Sólo una broma podía darle, en la novela, su deseado gobierno a Sancho. Una broma que se prolonga a todas luces excesiva, cruel, desmesurada y vergonzosa. Leyendo el Quijote se llega a sentir lo soez del ensañamiento de los duques. Los duques, miembros de la clase social que era aquella aristocracia que encarnó siglos atrás lo excelso, protagonista de los sueños épicos y los mitos de sus admirados siervos, expresa la mentira de todo aquello. Nunca hubo caballeros andantes, ni los habrá. No saberlo fue la locura que don Quijote confiesa, en las puertas de la muerte, haber tenido. Nunca el fuego del que se alimentaba incendió realmente el mundo de los hombres.
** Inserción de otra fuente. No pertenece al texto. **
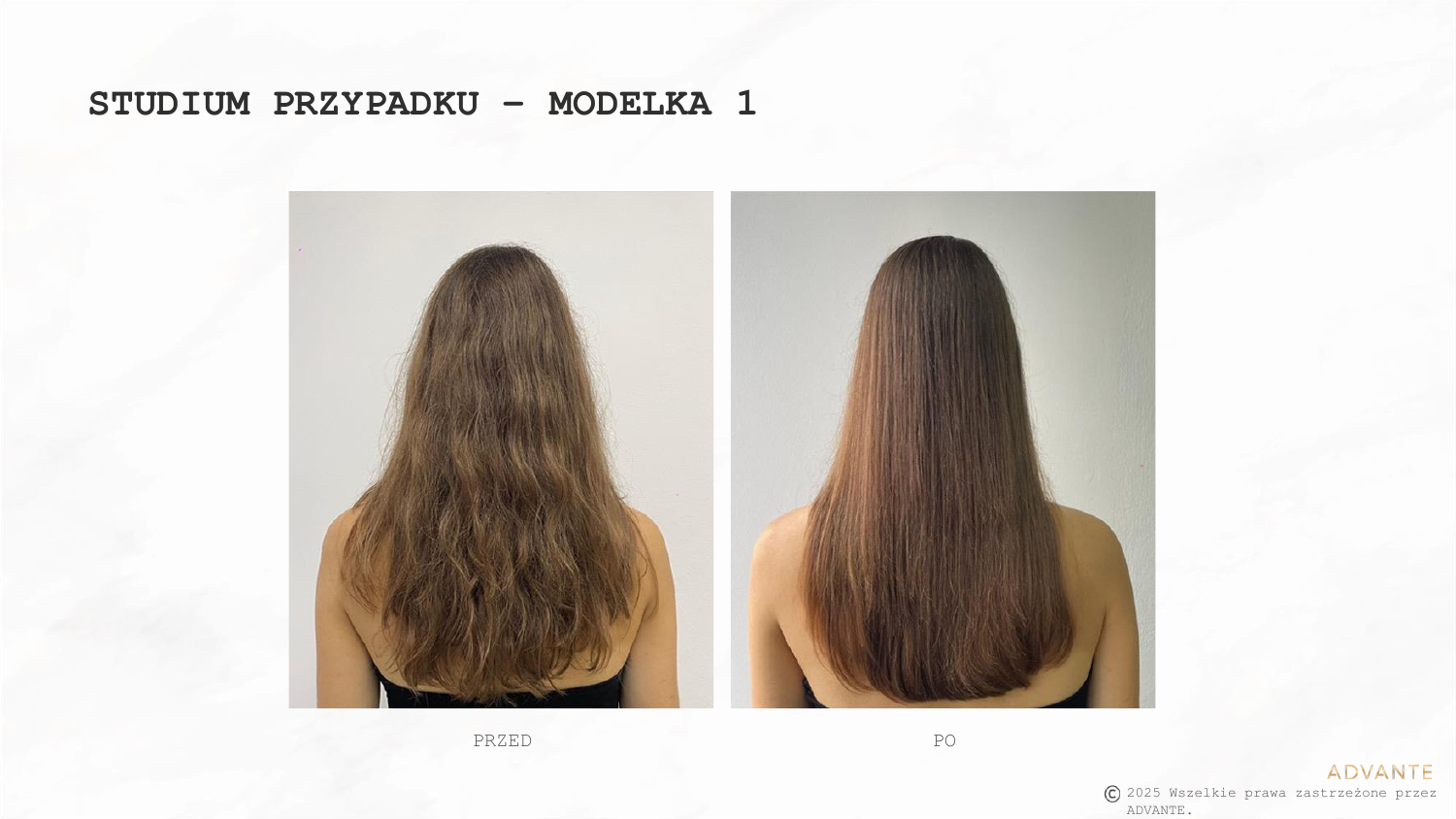 Przed i po – Modelka 1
Sólo eran quimeras.

La fina ironía del narrador contrasta con la gracia burda y desquiciada de los duques. Su farsa llega a ser cada vez más vergonzosa. Carecen por completo de inocencia y viven en la distancia social, de dicha distancia y privilegios, pero sin fe en su propia ideología. Un modo,  también, muy civilizatorio, occidental si se quiere, de vivir lo aristocrático, porque presupone la ya mencionada fisura llevada a cabo por el pensamiento en el mito. Los duques son plenamente conscientes de su juego, de lo que hacen, pero se ríen, sin saberlo, de ellos mismos, pues su juego desmesurado, su vida de placer y comodidad, los sitúa en un nivel de imbecilidad aun peor, y ya sin dignidad ninguna.
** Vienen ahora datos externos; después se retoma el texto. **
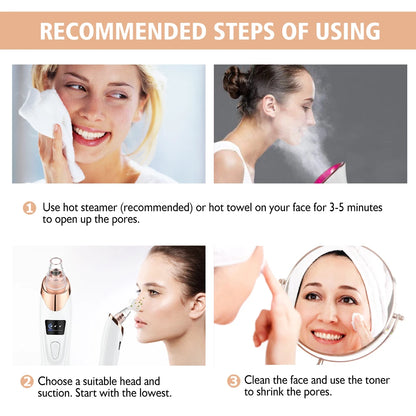 Electric Blackhead Remover Vacuum – 5 Suction Heads & 3 Power Levels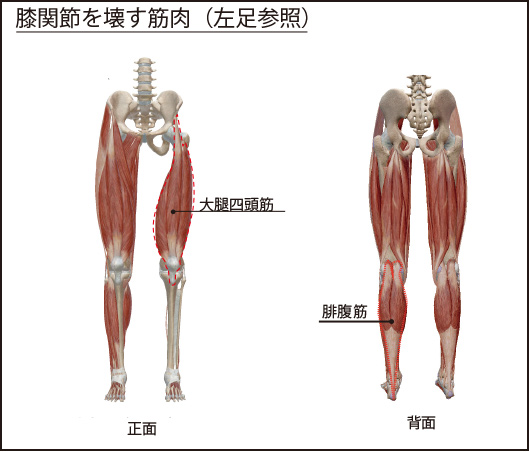 図１１：膝関節を壊す筋肉３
Así, el Quijote se va manifestando también como un juego que consiste en mostrar el lugar de los ideales en la vida y en el pensamiento de los hombres, tras la quiebra entre la razón y el mito. Hoy esto lo entendemos mejor como el vivir en la permanente conexión, mostrándola, de lo humano con lo excelso, conexión que acaba derivando en la disolución del “mediador” que lo señala, aniquilado y pulverizado por la rosa que quiere mostrar, con el fuego que se atreve a traer, como Prometeo, al mundo. Además de este cierto aniquilamiento del yo, o plena inmersión de este en el mucho mayor caudal de su ser donde habita lo excelso, donde se realiza idealmente (en el modelo de vida distanciada del Quijote), traer el cielo a la tierra no funciona ni gusta a la mayoría de los hombres. La inocencia y credulidad del caballero es duramente castigada y choca con la realidad de los hombres (no con la grandeza del paisaje y de la propia existencia como tal), con lo que los hombres han construido. Los hombres que tratan con don Quijote han dado la espalda a lo que él viene a traer de nuevo. Su artístico y ético embellecimiento de la realidad no es comprendido más que en los libros. La vida no puede ser ya una pintura lúcida y libre del propio modo de ser. Occidente es, en este sentido, inercial, rastrero, porque además se sabe rastrero, no como ese otro inocente que anda por los suelos que es Sancho Panza, tan entrañable y adorable como su amo. Se ha perdido justo aquello que más caracteriza a la pareja: la verdad, el afán de ser auténtico, de reflejar o encarnar la verdad que se profesa ya solamente, exiliada del mundo, en las obras de arte, en la literatura. Así, para los hombres, el ámbito donde están verdaderamente, es un ámbito a medias entre la tierra y el cielo: el del “objeto” literario. Sólo que este, a su vez, deriva en otro laberinto donde resulta fácil perderse. Es la mentira donde ha de vivir, excomulgada, la verdad. Y es la atmósfera que durante años, en su provinciana aldea, solitario, ha ido respirando el viejo hidalgo Alonso Quijano, llamado, ya al final del libro, el Bueno. Su bondad estriba en querer, seriamente, lo bueno, en pretender resucitarlo, en, cual nuevo Prometeo de lo excelso, recuperarlo para los hombres y para la existencia.